1. Rejet de la surmédication (00:00:59 – 00:01:40)Le narrateur, médecin en centre de la douleur et addictologie, explique sa lassitude face à la prescription systématique de médicaments pour chaque symptôme (antalgiques, somnifères). Il souhaite explorer les ressources internes des patients qui refusent parfois la chimie.
2. Découverte de l’hypnose médicale (00:01:40 – 00:02:49)Après avoir vu une affiche à Boulogne, il se forme à l’hypnose avec le Dr Léon Chertok. Il commence à l’appliquer immédiatement, constatant qu’il peut réduire les doses de médicaments, même pour des douleurs chroniques ou post-opératoires.
3. Applications cliniques diverses (00:02:49 – 00:03:39)L’hypnose s’avère efficace pour les addictions (tabac, alcool, cannabis), les phobies et les douleurs complexes comme les membres fantômes. Le médecin déplore cependant que les formations de l’époque soient trop centrées sur la psychologie et pas assez sur le corps.
4. Collaboration avec François Roustang (00:04:03 – 00:04:55)Il contacte François Roustang pour créer une formation intégrant davantage la dimension corporelle. Malgré les réticences de Roustang qui n’est pas médecin, ils lancent ensemble la première formation à l’hôpital Ambroise Paré.
5. Institutionnalisation de la pratique (00:04:55 – 00:05:48)Le conférencier est à l’initiative du premier diplôme universitaire (DU) d’hypnose médicale en France, établi à la Pitié-Salpêtrière. Il souligne la coïncidence historique du retour de l’hypnose dans ce lieu emblématique.

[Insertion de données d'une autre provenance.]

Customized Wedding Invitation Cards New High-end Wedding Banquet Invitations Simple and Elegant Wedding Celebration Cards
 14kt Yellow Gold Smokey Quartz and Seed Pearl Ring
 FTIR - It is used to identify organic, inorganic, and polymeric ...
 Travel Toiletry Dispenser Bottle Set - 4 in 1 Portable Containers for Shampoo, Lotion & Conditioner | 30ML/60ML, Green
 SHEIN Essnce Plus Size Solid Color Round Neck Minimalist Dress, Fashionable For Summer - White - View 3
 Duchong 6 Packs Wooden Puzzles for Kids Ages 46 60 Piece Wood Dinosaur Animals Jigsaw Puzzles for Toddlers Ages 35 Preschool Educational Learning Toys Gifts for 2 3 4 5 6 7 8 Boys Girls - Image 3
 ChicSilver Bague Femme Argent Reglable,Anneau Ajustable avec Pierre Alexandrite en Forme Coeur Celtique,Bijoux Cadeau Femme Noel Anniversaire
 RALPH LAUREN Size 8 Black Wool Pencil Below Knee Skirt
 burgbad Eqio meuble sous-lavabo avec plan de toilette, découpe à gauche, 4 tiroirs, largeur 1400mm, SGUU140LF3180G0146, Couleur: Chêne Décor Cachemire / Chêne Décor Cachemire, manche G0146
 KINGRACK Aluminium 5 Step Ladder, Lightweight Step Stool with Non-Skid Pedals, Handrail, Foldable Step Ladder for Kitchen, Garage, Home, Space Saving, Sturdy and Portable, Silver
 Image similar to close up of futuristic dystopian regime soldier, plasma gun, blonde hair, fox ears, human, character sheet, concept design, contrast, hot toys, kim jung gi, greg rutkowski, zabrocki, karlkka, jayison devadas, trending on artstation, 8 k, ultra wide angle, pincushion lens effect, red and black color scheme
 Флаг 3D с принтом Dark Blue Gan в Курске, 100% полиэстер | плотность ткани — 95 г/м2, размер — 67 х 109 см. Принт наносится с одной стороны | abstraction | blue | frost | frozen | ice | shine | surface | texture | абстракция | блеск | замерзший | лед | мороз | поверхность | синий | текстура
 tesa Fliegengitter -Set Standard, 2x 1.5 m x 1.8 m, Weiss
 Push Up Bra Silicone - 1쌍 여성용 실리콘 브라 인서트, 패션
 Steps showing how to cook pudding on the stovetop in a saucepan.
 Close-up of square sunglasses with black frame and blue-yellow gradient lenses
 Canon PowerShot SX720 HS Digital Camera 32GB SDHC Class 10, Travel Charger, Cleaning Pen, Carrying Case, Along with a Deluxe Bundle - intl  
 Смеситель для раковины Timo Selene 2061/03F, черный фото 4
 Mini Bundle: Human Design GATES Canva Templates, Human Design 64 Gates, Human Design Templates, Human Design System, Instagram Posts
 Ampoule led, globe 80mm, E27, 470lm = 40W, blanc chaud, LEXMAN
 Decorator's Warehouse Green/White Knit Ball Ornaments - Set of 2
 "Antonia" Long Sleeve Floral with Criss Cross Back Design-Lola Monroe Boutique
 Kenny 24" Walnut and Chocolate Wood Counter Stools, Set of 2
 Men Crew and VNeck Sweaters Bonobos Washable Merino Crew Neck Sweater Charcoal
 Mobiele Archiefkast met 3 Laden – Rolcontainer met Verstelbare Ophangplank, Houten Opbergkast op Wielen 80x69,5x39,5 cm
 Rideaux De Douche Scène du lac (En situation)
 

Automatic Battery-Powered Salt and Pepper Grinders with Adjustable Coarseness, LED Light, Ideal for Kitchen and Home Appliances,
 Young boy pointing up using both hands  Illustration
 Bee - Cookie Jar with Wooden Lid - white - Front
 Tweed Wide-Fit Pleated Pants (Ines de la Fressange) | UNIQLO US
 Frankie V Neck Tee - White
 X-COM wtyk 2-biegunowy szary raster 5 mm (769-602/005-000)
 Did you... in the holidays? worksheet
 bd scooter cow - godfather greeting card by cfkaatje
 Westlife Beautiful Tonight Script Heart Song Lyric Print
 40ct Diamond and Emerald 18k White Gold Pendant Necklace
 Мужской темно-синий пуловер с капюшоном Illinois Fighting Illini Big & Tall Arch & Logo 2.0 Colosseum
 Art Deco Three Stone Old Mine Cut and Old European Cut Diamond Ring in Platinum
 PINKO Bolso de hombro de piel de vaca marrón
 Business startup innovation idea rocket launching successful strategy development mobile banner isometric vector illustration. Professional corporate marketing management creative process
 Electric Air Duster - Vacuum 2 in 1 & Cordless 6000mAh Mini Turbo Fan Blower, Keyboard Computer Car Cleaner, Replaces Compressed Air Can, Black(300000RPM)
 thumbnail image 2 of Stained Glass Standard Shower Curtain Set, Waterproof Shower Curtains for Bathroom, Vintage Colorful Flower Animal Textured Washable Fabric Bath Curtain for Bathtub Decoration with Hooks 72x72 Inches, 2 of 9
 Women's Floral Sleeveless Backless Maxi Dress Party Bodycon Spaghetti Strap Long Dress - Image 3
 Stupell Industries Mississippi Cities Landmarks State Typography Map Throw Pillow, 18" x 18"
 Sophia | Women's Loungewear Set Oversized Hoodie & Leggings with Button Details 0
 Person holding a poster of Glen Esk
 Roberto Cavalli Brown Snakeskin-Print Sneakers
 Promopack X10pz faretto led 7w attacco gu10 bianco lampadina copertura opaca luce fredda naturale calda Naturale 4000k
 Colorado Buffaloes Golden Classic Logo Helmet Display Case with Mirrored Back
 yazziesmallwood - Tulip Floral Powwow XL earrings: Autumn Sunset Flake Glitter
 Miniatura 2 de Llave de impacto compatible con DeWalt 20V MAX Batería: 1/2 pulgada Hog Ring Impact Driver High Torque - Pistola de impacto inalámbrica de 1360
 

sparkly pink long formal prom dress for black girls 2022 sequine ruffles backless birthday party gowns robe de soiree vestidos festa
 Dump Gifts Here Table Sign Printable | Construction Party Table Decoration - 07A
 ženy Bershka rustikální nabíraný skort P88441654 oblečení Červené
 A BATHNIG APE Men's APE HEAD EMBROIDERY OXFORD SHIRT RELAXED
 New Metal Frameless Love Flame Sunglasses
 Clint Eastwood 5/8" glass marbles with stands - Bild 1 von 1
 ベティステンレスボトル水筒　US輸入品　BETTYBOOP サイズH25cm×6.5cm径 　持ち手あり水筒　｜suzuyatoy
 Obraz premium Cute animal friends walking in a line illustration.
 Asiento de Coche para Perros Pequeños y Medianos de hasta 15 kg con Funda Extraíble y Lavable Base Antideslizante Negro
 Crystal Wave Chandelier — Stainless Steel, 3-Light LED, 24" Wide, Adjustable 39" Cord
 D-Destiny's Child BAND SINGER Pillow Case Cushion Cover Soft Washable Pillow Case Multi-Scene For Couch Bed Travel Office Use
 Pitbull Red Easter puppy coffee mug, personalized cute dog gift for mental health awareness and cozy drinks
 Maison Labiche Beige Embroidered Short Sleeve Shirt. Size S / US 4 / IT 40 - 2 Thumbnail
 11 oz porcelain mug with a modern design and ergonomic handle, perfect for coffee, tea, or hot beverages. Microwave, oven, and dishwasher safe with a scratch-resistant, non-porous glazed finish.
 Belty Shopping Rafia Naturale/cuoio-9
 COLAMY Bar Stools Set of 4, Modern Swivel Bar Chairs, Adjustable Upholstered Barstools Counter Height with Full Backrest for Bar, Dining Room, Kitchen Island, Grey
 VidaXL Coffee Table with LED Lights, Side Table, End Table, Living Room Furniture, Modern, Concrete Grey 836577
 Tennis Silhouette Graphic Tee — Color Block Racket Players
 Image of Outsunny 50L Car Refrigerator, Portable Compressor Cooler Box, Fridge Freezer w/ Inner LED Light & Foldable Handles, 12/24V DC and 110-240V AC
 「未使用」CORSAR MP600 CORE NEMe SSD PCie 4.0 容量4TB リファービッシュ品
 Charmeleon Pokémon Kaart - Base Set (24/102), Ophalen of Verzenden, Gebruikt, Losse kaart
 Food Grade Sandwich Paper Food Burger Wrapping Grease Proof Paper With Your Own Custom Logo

6. La philosophie de la « Perception Élargie » (00:08:42 – 00:13:33)L’hypnose est définie comme un passage d’une « perception restreinte » (fixation obsessionnelle sur le problème ou la douleur) à une « perception élargie ». En « lâchant » la focalisation, le patient devient capable de voir de nouvelles possibilités thérapeutiques.
7. Posture du soignant et bienveillance (00:14:08 – 00:16:24)Le thérapeute doit créer un espace sécurisant et non jugeant. Roustang insistait sur une « liberté par rapport au résultat » : le soignant ne doit pas vouloir guérir à la place du patient, mais l’accompagner sur son propre chemin.
8. Mode Intellect vs Mode Sensoriel (00:16:47 – 00:23:03)Le conflit vient souvent d’un excès du mode « intellect » (contrôle, analyse) au détriment du mode « sensoriel » (ressenti corporel). L’hypnose permet de vider la tête pour laisser les pensées descendre dans le corps et retrouver une unité.
9. Créativité et métaphores corporelles (00:25:28 – 00:31:33)Le médecin utilise des techniques originales : demander aux épaules de résoudre un problème ou suggérer aux patients de « fondre dans le fauteuil ». Ces approches visent à décloisonner les aires cérébrales et remettre en circulation ce qui était figé.
10. La fin de la plainte (00:33:17 – 00:37:31)À travers une vidéo de l’émission Bouillon de Culture, Roustang explique que la thérapie doit interrompre la plainte pour que le patient cesse de « jouir de sa souffrance ». L’objectif final est de se tourner vers l’extérieur, à l’image d’un grand footballeur ayant une vision panoramique du jeu.